ImageButterfly Effect frontman CLINT BOGE is gettting back in touch with his rock & roll roots via THOUSAND NEEDLES IN RED. The affable vocalist tells TOM HERSEY about the formation of the new band.

There is an unspoken rule governing interviews with musicians who are talking about their “new” bands. Like a John Cleese ‘don’t-mention-the-war’ scenario. Questions about the previous, invariably more popular, band can often be greeted with huffy responses and protestations.

This isn’t the case when Clint Boge, a man who cut his teeth in fronting acclaimed hard rock act The Butterfly Effect, gets in touch to talk about Thousand Needles In Red. In fact, Boge admits to have involved himself in Thousand Needles as soon as he heard demo recordings because it reminded him of the salad days of TBE. “As I heard it I thought, ‘fuck man, this sounds like the old Butterfly Effect stuff. I’ve gotta do this.’ It was kind of like a chance to relive my childhood. It made me reminisce about The Butterfly Effect; how that was such an exciting time in my life. We were thinking at the time, let’s do it, let’s have a crack. At the very worst we’ll have some fun and write an EP.”

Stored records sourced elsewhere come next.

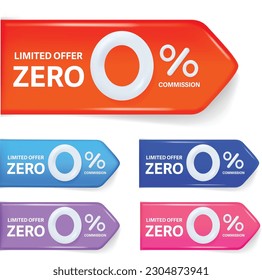 0 percents banner - zero commission special offer layout template with 3D zero. Tag label, sale banner with super zero 0% discount. 3d rendering.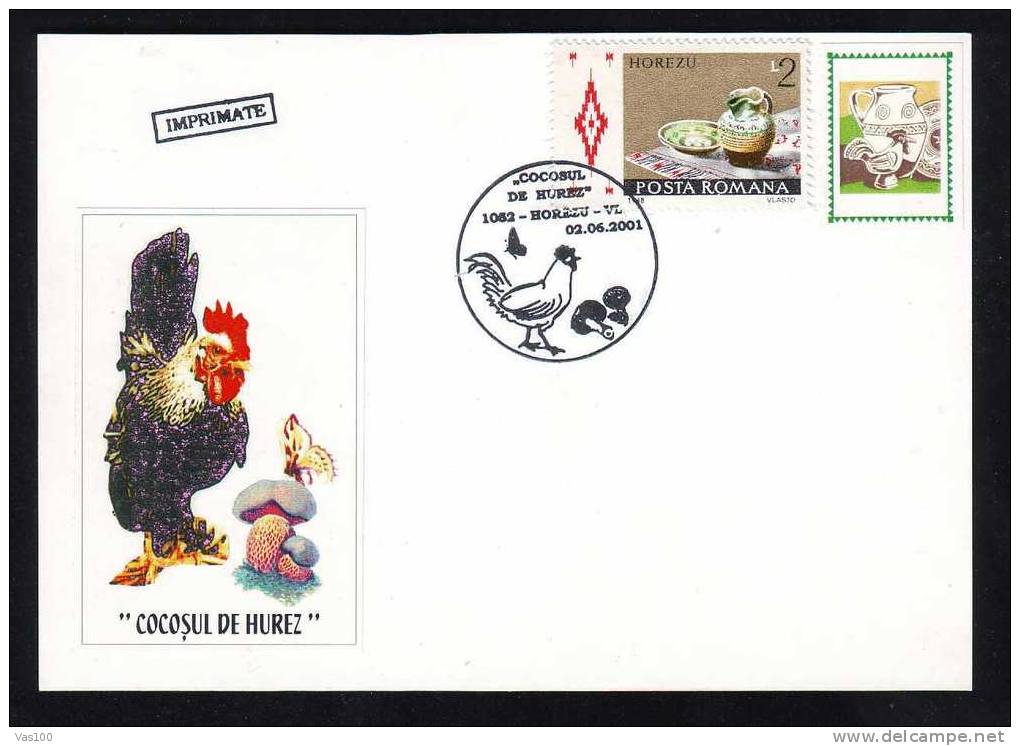 ROMANIA  2001 Rare Postcard Chicken Eggs Hen Farm Farming Birds & CHAMPIGNONS . - Gallinacées & Faisans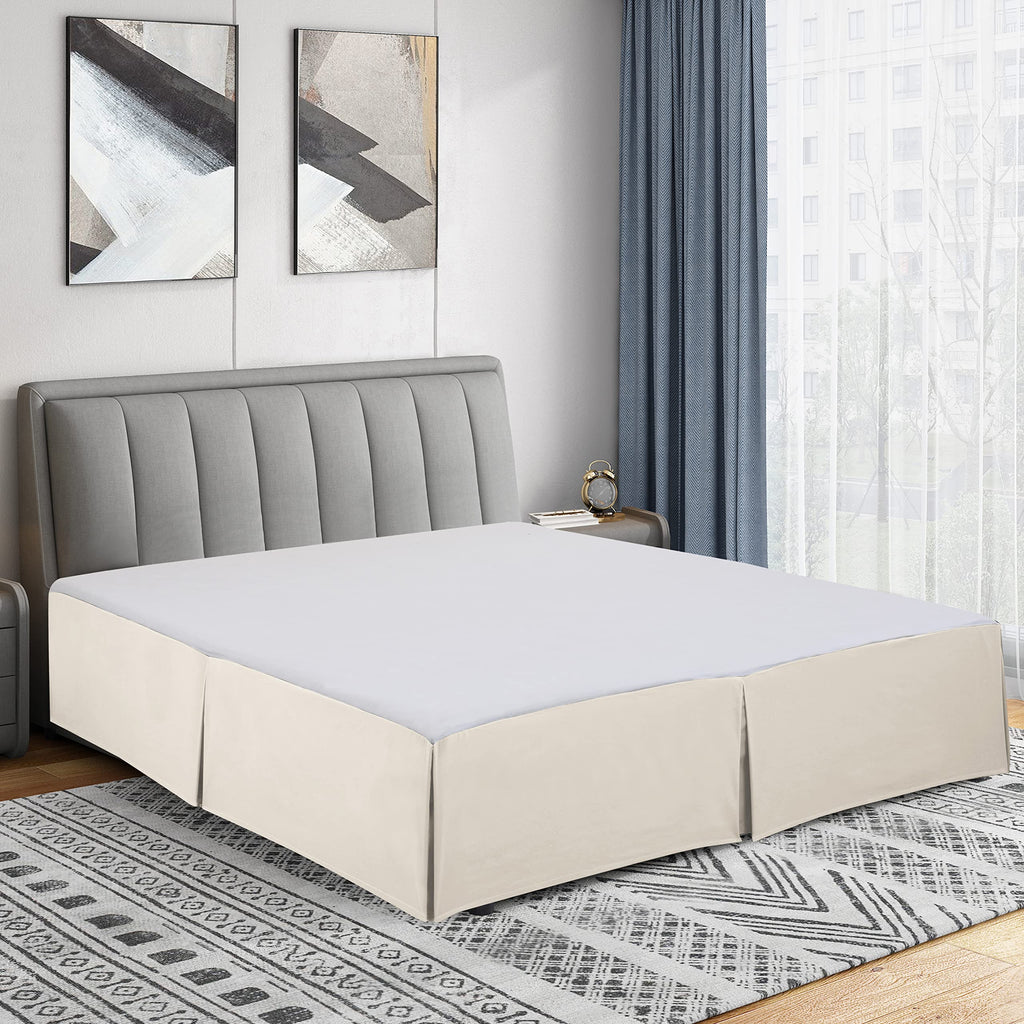Cathay Home Double Brushed Microfiber Pleated Easy Fit Bed Skirt, Ultra Soft, Fade And Wrinkle Resistant - Coconut Milk, Full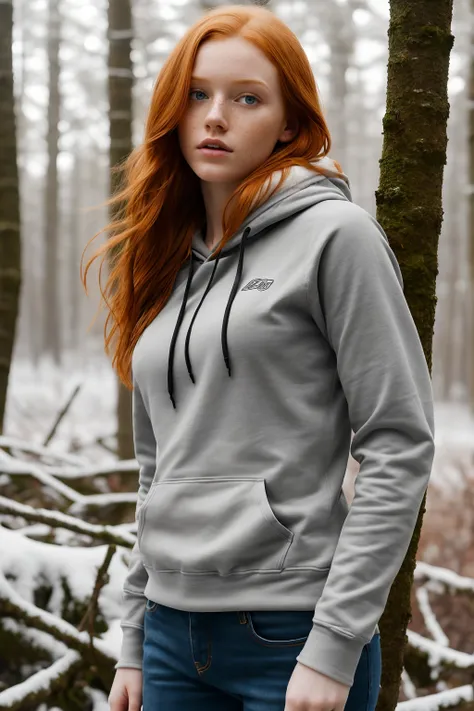 (1girl in, age22, Solo, Aesthetic artwork, irish redhead, straight ginger hair, shoulder length ginger hair, light grey eyes, some small freckles, large breasts, very muscular body, imperfect skin, little abs, wearing hoodie, wearing jeans, empty forest, e...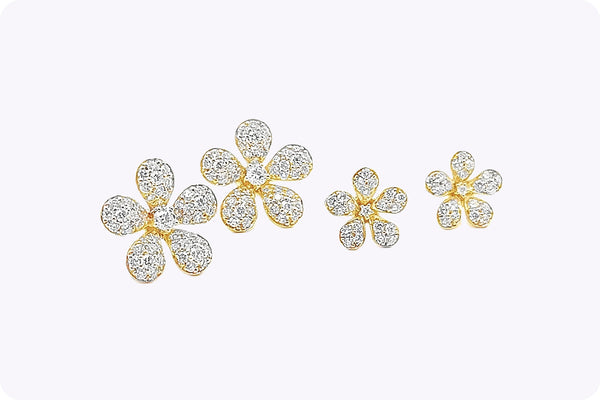 Beautiful 1.23 carat round diamond floral stud earrings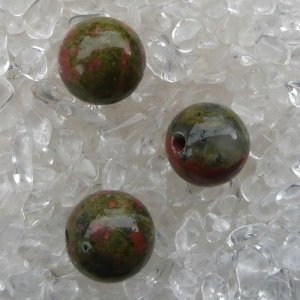Unakit(Epidot) Kugel gebohrt 18 mm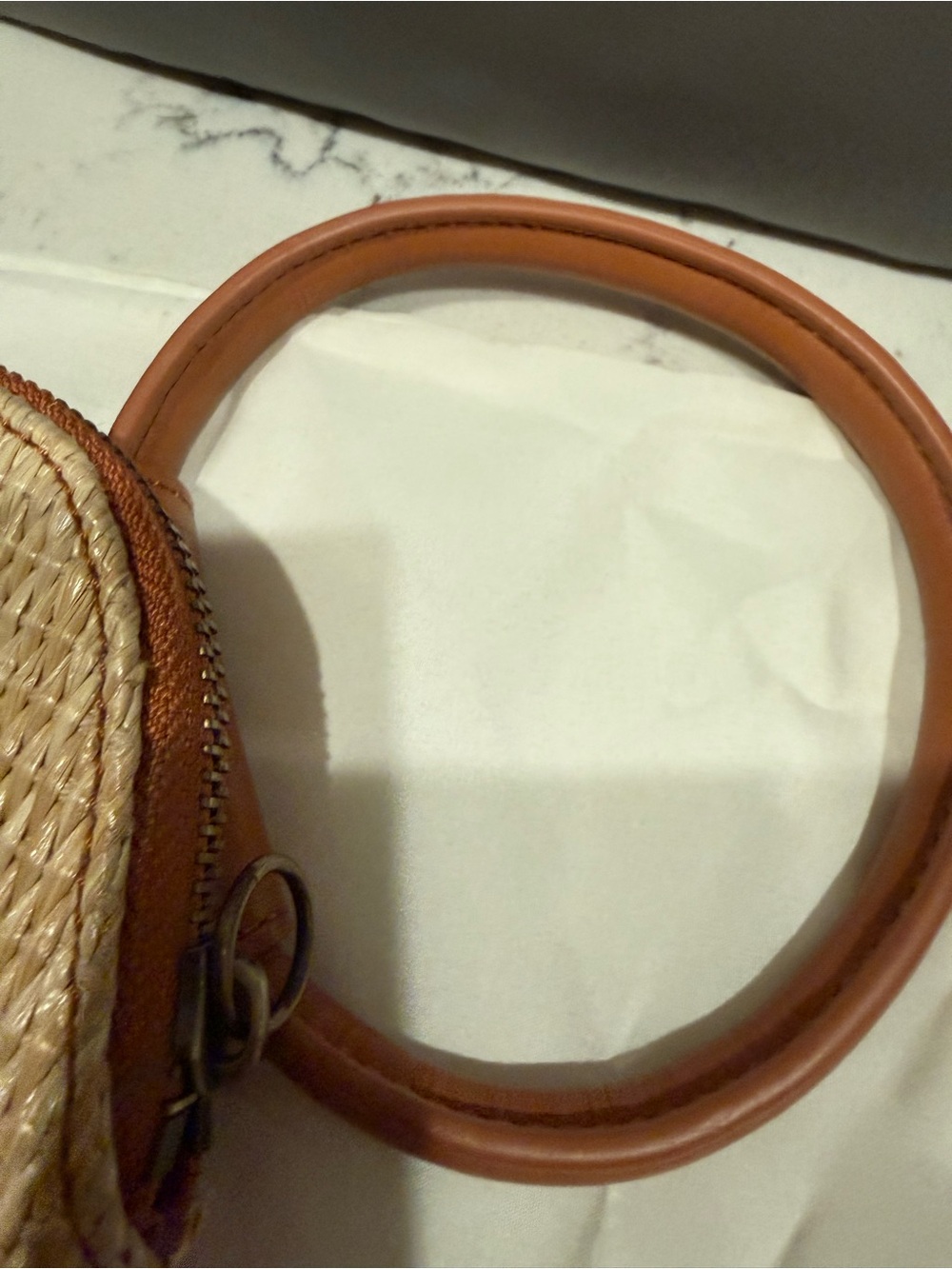 HOBO Tan Woven Wristlet with Brown Leather Ring Handle - Picture 7 of 16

But where The Butterfly Effect cut their debut EP under comparatively meagre circumstances, Thousand Needles In Red went a different route. Where most bands working on their first EP would be scraping together cash to record at the studio closest to their practice space, Boge and Thousand Needles In Red travelled to Los Angeles to record on hallowed nu-metal ground, NRG Studios, and enjoy the all the spoils of the City of Angels. “We stayed at this amazing, off the hook party house. We were hanging out with movie producers and porn actresses. We’d go out and we’d be sitting just across from Dave Navarro, Brent from Mastodon and Lemmy. It was crazy. This is what we were enveloped in while we were there.”

From the party maelstrom that Clint describes fondly, the band’s debut seven-track offering was created. Listening to the self-titled EP, the reference point of early Butterfly Effect material is immediately validated. Dirty guitar riffs and vocals eschewing Boge’s latter-day melodicism define the recording. As Clint suggests, “it’s really raw, dude. And that’s what we wanted, we said to the producer who we worked with that we don’t want to polish it. We just want straight down the line, four on the floor, dirty rock that has a bit of edge and a lot of grunt. We just wanted to make a good rock-out album”

Exercising his inner rock pig in Thousand Needles, Boge will return to writing a new album with The Butterfly Effect after a brief tour with the newer act. With a chuckle, he suggests how his involvement in Thousand Needles In Red could influence the band’s next record. “Instead of harassing the dudes in Butterfly Effect to write an album like Begins Here or even the EP again, we’re doing Thousand Needles In Red. So the rest of the dudes in The Butterfly Effect are probably loving it because I’ve stopped whinging about wanting to do some heavier stuff.”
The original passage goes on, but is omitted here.